== AVAILABLE DATA

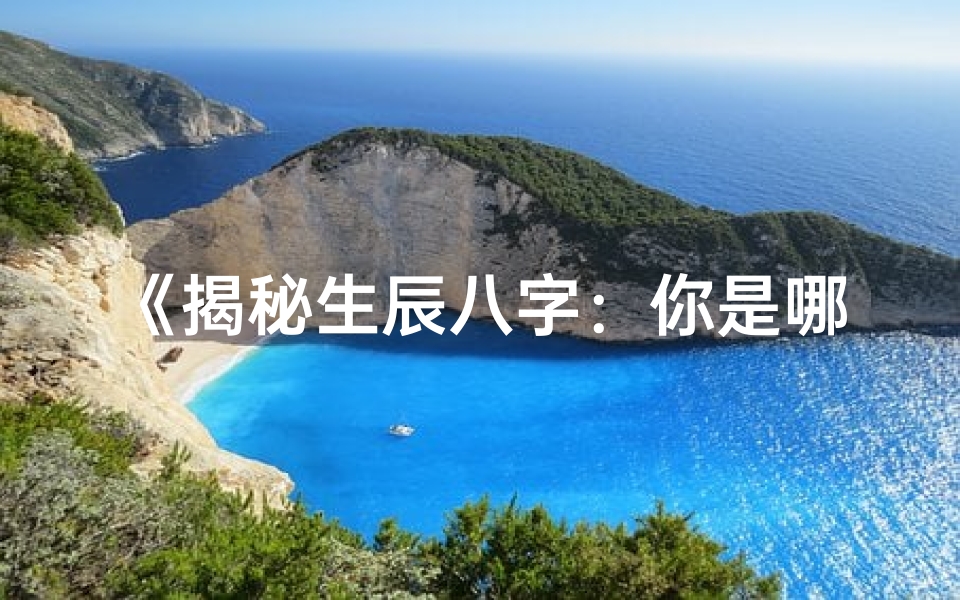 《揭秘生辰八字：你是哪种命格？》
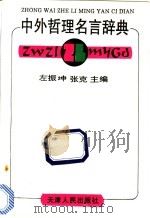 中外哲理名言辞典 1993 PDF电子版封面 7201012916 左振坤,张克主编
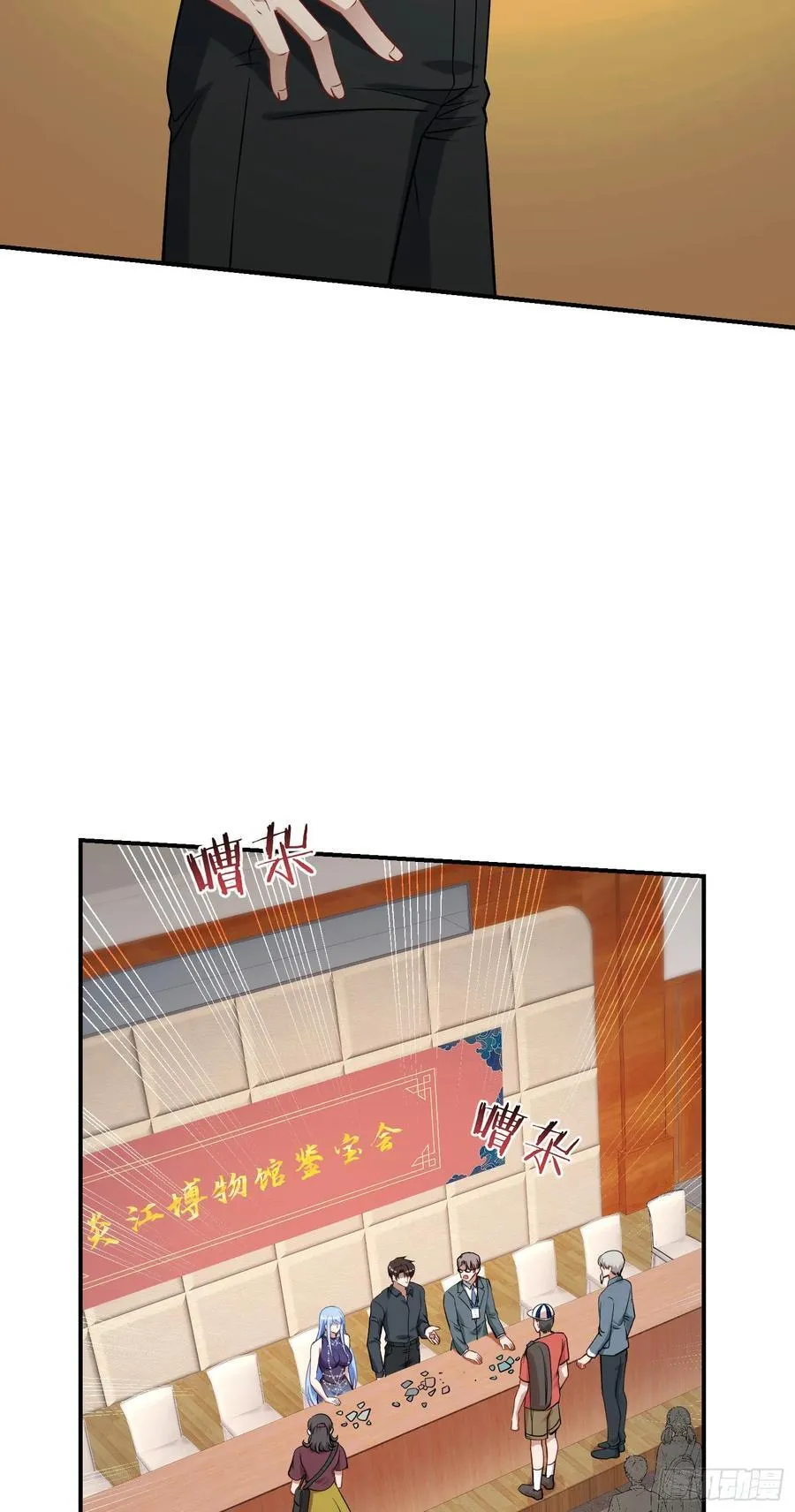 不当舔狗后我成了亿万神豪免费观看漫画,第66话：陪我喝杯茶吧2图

====
== AVAILABLE DATA

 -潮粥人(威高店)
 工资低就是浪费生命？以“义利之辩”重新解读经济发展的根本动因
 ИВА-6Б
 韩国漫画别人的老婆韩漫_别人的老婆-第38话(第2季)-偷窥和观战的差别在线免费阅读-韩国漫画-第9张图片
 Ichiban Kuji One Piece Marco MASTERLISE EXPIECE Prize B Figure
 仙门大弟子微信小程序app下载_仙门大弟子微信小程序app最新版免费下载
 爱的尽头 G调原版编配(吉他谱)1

====

**TASK DIRECTIONS:** As listed above, the lines from the line with "韩国漫画别人的老婆韩漫_别人" to the line with "爱的尽头 G调原版编配(吉他谱)1" are to be echoed exactly, with both ends included and nothing added.

**ANSWER:**
 韩国漫画别人的老婆韩漫_别人的老婆-第38话(第2季)-偷窥和观战的差别在线免费阅读-韩国漫画-第9张图片
 Ichiban Kuji One Piece Marco MASTERLISE EXPIECE Prize B Figure
 仙门大弟子微信小程序app下载_仙门大弟子微信小程序app最新版免费下载
 爱的尽头 G调原版编配(吉他谱)1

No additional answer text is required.